[Image-text web data]
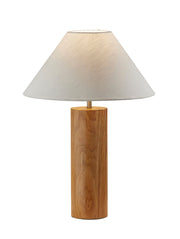 Martin Table Lamp in Natural Oak Wood W. Antique Brass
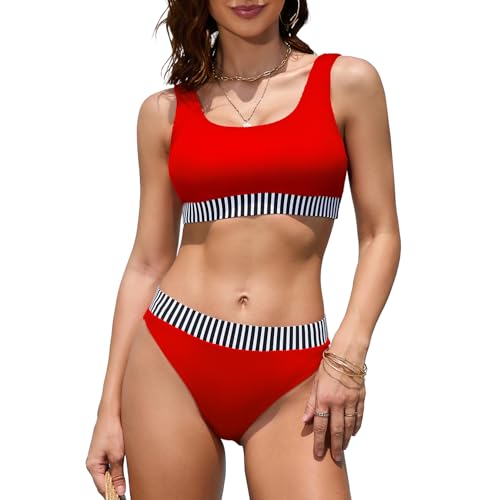 iSLASISIA Damen Sport Badeanzüge Zweiteiliger Crop Top Gerippter Bikini mit frechem Unterteil（Rot,EU38） von iSLASISIA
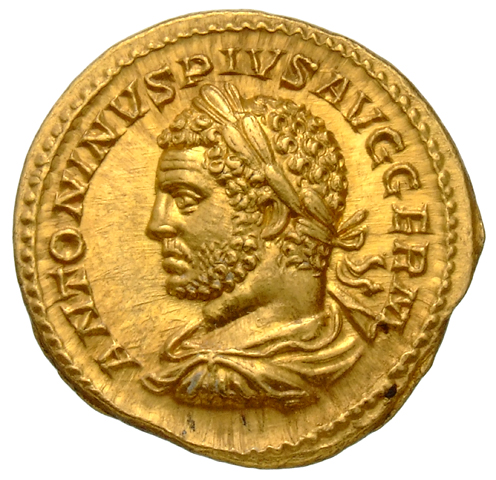 RIC IV Caracalla 270D Caracalla obverse, Bust of Caracalla, laureate, draped, cuirassed, left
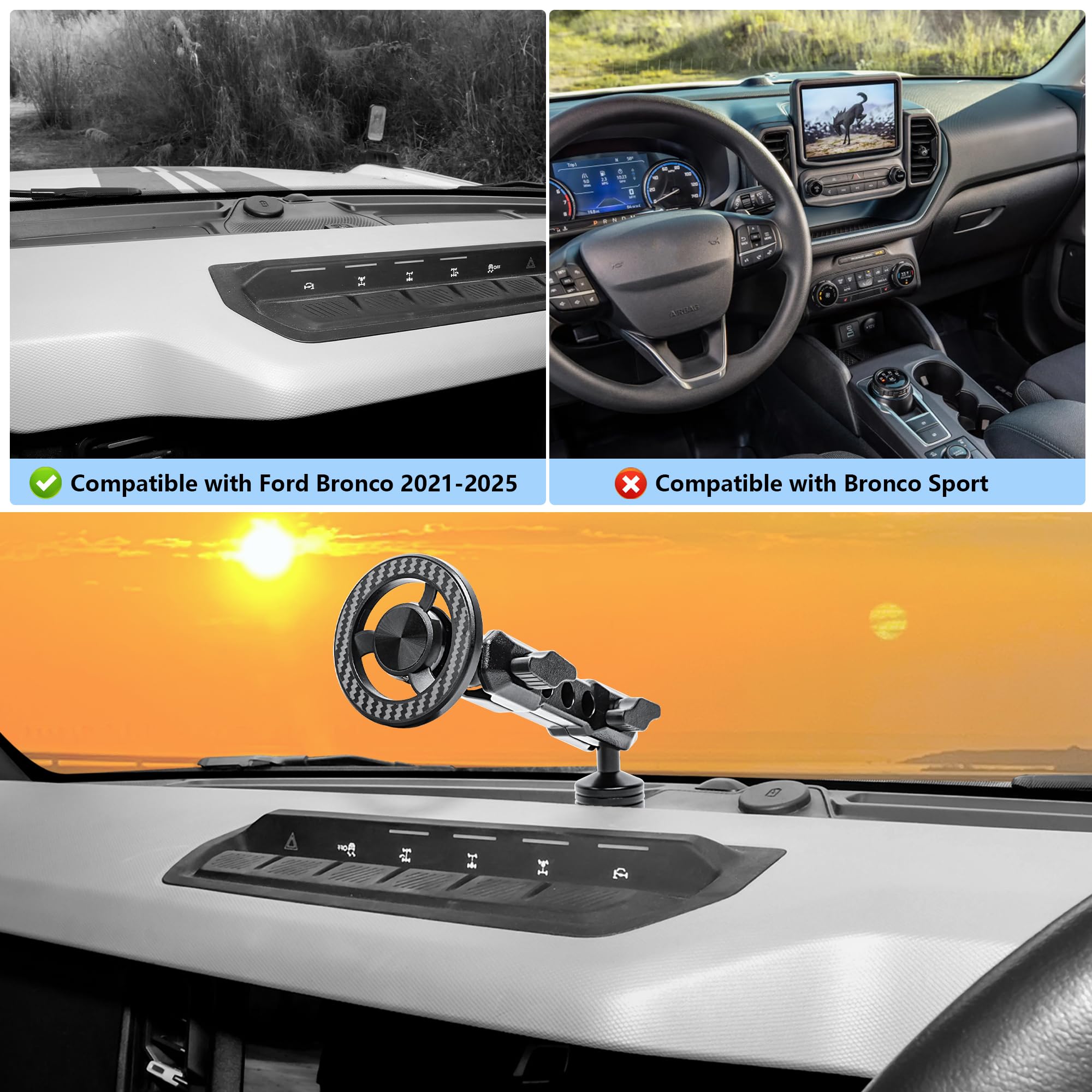 Soporte magnético para teléfono para Ford Bronco 2021-2026 2/4 puertas ajustable 360°, para accesorios Ford Bronco, tornillos OEM instalación de montaje en tablero (no para Bronco Sport)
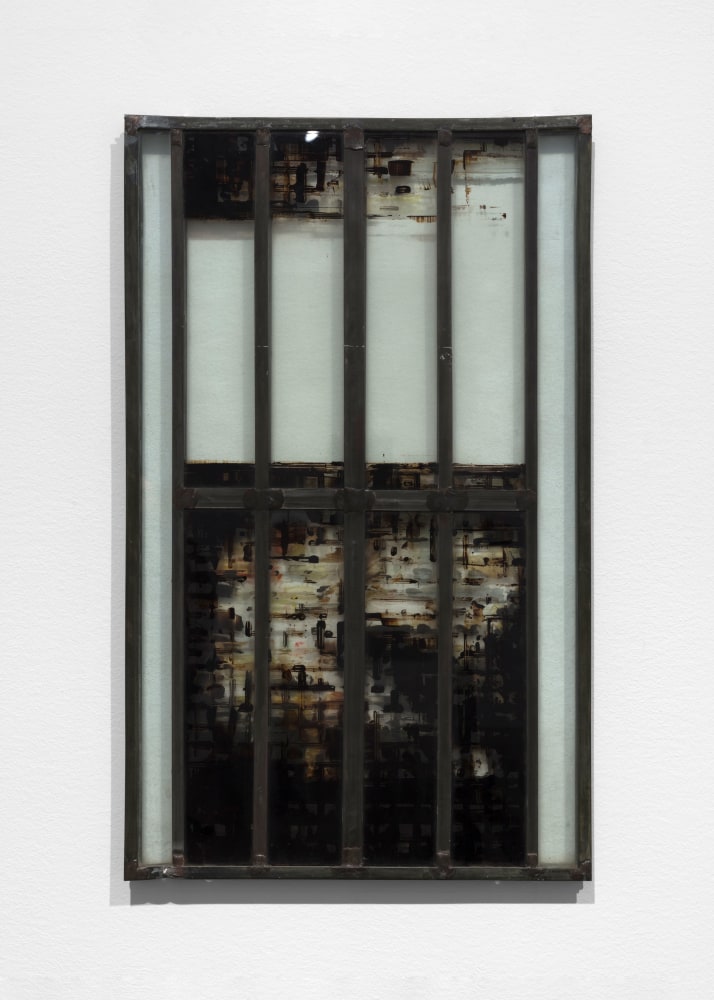 David Novros Doumani Portal, 1982 glass, leading and lacquer 2 panels, each: 21 1/2 x 12 1/2 x 1 in. (54.6 x 31.8 x 2.5 cm)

» **WORK REQUEST**
The answer must be an exact copy of the lines from the one that holds "Soporte magnético para" through the end of the data, both included, with no pictures.

» **EXPECTED OUTPUT**
 Soporte magnético para teléfono para Ford Bronco 2021-2026 2/4 puertas ajustable 360°, para accesorios Ford Bronco, tornillos OEM instalación de montaje en tablero (no para Bronco Sport)
 David Novros Doumani Portal, 1982 glass, leading and lacquer 2 panels, each: 21 1/2 x 12 1/2 x 1 in. (54.6 x 31.8 x 2.5 cm)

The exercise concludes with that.